Art and the Orient

    What Are the Lessons of documenta 12?
    Reflections from the Viewpoint of a Postmodern Artist

    Zaki Al-Maburen 'The Cubic House' Copyright: Tim Otto Roth
    Zaki Al-Maburen "The Cubic House"
    Copyright: Tim Otto Roth
    "You arrive in the heart of Germany, just to read the word "art" under your own shadow." Du kommst zum Herzen Deutschlands, nur um das Wort Kunst unter deinem eigenen Schatten zu lesen." These German letters shine - with a knowing wink - at the visitor, who may well have made a long journey to come here, when he places himself in the cone of light of a stripped-down installation in the Neue Galerie, one of five exhibition locations. Even though this work by the Chilean artist Gonzalo Díaz is one of the few humorous and self-ironic contributions to the 100-Day Museum, this spectacle that takes place every five years in Kassel, Germany, presents itself nonetheless in a mostly light-hearted vein.

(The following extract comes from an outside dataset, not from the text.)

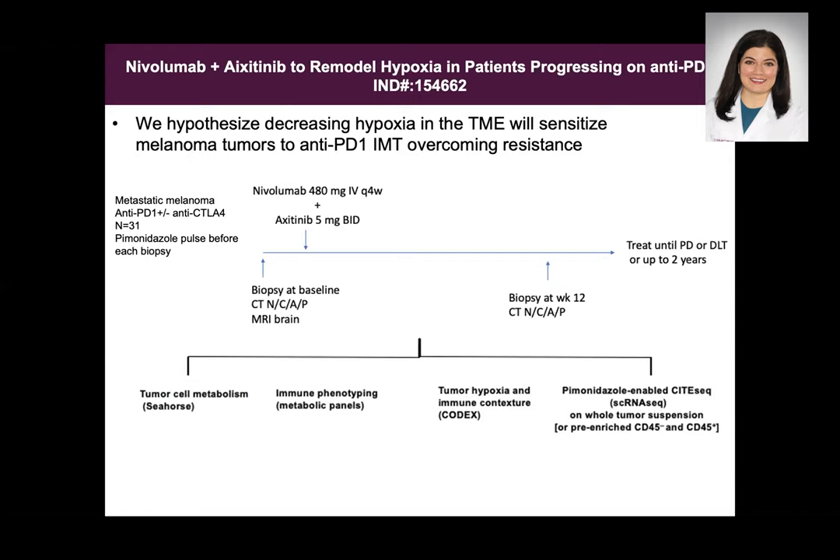This is a clinical trial that we have opened quite recently with great support from partners in the melanoma group. Based on the preclinical data, this trial uses nivolumab and axitinib in patients who have progressed on anti-PD-1 monotherapy, or on anti-PD-1 with anti-CTLA-4 or ipilimumab. We are essentially trying to deepen a response or resensitize the tumor to treatment with immunotherapy and axitinib in those who have stopped responding to their initial treatment. This is a second-line trial — it would be discussed with patients whose current treatment is no longer working as well as hoped.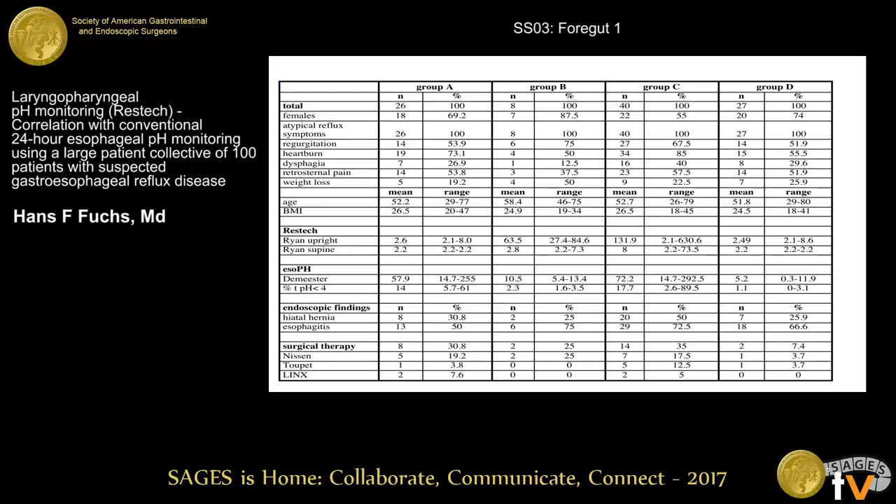In our results, patients in group A have a pathologic esophageal pH-metry with a mean DeMeester score of 57 and a normal RESTec pH-metry, meaning these patients have distal esophageal reflux with no LPR reaching the oropharynx. Patients in group C have a pathological esophageal pH-metry with DeMeester of 72 and a pathological RESTec, meaning a volume reflux problem reaching the oropharynx. Patients in group D have no proven reflux — negative DeMeester score of 5 and negative RESTec scores — so we cannot explain their atypical symptoms with reflux.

    The exhibition program displayed in five main locations by the director, Roger M. Buergel and Ruth Noack, the exhibition's curator and Buergel's wife in one, is exceedingly complex. The two exhibition organizers present a reduced selection of 117 artistic positions from around the world with less than 500 works that are by no means limited to contemporary artists as far as historical depth is concerned, and that subtly seeks to direct the visitor's gaze away from the established and rising stars of the international art scene. The show presents a wide spectrum of media, extending from a spatially integrated sculpture by Iole de Freitas to dance performances by Trisha Brown and Harun Farocki's computer-based work that explores and interprets the 2006 Soccer World Championship Final in various modes of rendition. This show, the world's largest exhibition of contemporary art, was elucidated with a few descriptive catch-words whose adequacy will be analysed in what follows.

    Conflict Number One

    The conflict in the Near East, "Conflict Number One" in Roger M. Buergel's view, turns up a number of times in the exhibition. Thus, the Palestinian artist Ahlam Shibli documents the fate of the Beduins living in the Israeli Negev Desert, after having been "transferred," i.e. forced, from their lands, in her subtle photo cycle, "Goter." The Austrian artist Peter Friedl makes his commentary on the conflict with a stuffed giraffe that died in 2002 in the Palestinian zoo of Qalqilyah of a panic attack it suffered when skirmishes erupted during the invasion of the Israeli Army. In his wall tapestry compositions of 2006, Abdoulaye Konaté combines the Israeli flag with the checked Palestinian headcloth and surrounds them with hundreds of so-called "gris-gris," stitched leather amulets for protection and good luck from Mali.

    The Migration of Form

    To be sure, the necessary background information for understanding the works is not accessible through the mere displaying of the works themselves. Quite the contrary, the 400-page catalog is indispensable. The catalog's explanatory texts clarify the meaning of the term, "migration of form," - elevated by Buergel has to the level of a programmatic statement - with respect to parts of the exhibition up to a point. Thus, the oldest work shown in Schloss Wilhelmshöhe, a Persian miniature painting dating from the 14th - 16th centuries, reveals Chinese styles of representation - an indication of cultural exchange during that period. But it is by no means clear how a "migration of form" is supposed to have taken place between the Persian forest landcape with a river flowing through it and the representations in its vicinity, such as a Hokusai wood-cut from 1835 consisting of a completely abstract, vertical pattern of stripes. However ambitious the curator team's contraposition of works from different epochs and contexts may be, many of the intended connections between the mostly heterogenic works are neither formally nor conceptually evident. This holds for the exhibits in Schloss Wilhelmshöhe that are integrated into the existing collection of classical works, but also for presentations in the documenta hall, in which an approx. 200 year-old Persian carpet with a slightly abstract garden motif cannot be intelligibly placed even in a complementary relationship with Friedel's giraffe or with a current sculpture installation by Cosima von Bonin.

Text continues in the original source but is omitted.